Traits of a high performing board:

  1. CEO believes that board adds value (and can provide specifics).
  2. Individual board members believe they add value (and can provide specifics).
  3. Individual board members are always looking to improve.
  4. Board meetings are open and vibrant.
  5. Company achieves good results — financially, operationally, and strategically.
  6. A great board should steer a company towards positive performance and value for shareholders. 

Board/CEO dynamics to avoid:

  1. Imperial (CEO runs the company, board is filled with old buddies)
  2. Entrenched (board maintains the status quo and resists change)
  3. Hostile (no trust in either direction)

CEOs should not hesitate to discuss an emergency CEO succession plan, aka the hit-by-a-bus scenario.

CEOs should engage the board early in the strategy process, instead of presenting the final strategy in the board meeting.

Outside directors cannot engage effectively if they lack information.
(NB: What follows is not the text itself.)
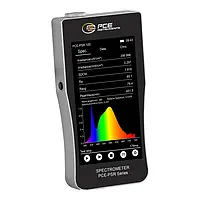 Luxmeter PCE-PSR 100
Find the gaps and help fill them.

SEC requires three committees for public companies:

  1. Audit Committee: financial audit, risk oversight, financial controls.
  2. Compensation: sets compensation for CEO and for board members.
  3. Nominating/Governance Committee: board composition, recruitment, orientation, evaluation, exit.

Not required but common committees:

  1. Strategy Committee
  2. Finance Committee

Not as common committees:

  1. Executive committees were more popular a decade ago. Useful in quick response crisis situations.

Recruit before you shoot: focus energy on expanding the board before expending energy pruning the board.

Avoid the trap of naming an individual during board expansion. Keep focused on skills and experience.

If you need to get rid of a boardroom bully or a constant contrarian, it’s the job of the Lead Director (or the Nonexecutive Chair) not the job of the CEO.

Director peer reviews are the preferred way to evaluate director performance. They are conducted with discretion by the Lead Director (or the Nonexecutive Chair).

Common pitfalls for CEOs to watch out for:

  1. A failure to understand and address all eight components (above.)
  2. Asking for greater openness between the board and the CEO but responding in a way that is defensive or critical. Cuts both ways.
  3. Delegation of board changes that require leadership from the CEO. Eg. Board packets, board agendas.

Common trust-breakers

  1. The Garden of Eden: everything is presented as positive and wonderful.
  2. Only One Solution: only one solution presented or considered.
  3. Heard It Through The Grapevine: directors should never learn about an important development by reading it in the morning newspaper.
  4. Let Them Eat Cake: outwardly dismissive and disrespectful towards board members.